### How to complete this task
Determine how many lines in the listing below include "Used", and answer with only that number.

### Input for this task
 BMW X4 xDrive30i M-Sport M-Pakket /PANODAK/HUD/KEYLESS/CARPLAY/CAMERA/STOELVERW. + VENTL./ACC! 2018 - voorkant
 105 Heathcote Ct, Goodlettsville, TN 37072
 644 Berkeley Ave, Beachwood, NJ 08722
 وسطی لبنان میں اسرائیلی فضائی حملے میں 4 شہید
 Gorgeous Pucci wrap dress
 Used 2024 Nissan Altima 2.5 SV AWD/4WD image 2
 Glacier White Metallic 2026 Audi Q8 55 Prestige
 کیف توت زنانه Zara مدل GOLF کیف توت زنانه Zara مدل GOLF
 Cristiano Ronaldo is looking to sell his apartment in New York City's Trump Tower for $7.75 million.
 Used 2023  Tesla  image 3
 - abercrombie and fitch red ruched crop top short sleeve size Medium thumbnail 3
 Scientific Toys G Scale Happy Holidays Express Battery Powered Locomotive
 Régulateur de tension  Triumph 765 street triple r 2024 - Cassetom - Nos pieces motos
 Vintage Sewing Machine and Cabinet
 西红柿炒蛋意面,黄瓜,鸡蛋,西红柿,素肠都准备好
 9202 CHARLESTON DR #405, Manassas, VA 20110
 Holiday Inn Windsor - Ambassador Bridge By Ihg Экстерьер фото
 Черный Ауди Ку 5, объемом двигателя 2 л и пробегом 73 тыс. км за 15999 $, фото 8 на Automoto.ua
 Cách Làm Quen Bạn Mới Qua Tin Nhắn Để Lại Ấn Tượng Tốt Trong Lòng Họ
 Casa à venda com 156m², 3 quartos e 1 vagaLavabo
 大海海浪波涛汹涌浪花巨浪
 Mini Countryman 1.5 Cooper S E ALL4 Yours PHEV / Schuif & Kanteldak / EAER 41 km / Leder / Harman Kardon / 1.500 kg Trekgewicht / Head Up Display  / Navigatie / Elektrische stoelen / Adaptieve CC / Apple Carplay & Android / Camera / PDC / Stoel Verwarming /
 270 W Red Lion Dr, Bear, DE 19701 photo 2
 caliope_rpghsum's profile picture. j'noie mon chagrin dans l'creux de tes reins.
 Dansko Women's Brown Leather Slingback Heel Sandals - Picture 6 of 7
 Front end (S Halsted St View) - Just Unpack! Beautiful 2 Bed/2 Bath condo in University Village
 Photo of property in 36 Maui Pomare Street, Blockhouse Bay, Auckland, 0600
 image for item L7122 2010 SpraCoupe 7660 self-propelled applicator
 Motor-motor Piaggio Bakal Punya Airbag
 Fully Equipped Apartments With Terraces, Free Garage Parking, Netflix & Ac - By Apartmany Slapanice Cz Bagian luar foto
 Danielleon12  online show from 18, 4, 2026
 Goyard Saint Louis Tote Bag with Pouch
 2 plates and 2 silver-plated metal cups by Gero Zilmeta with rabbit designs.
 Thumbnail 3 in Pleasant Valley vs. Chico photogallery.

### Task result
2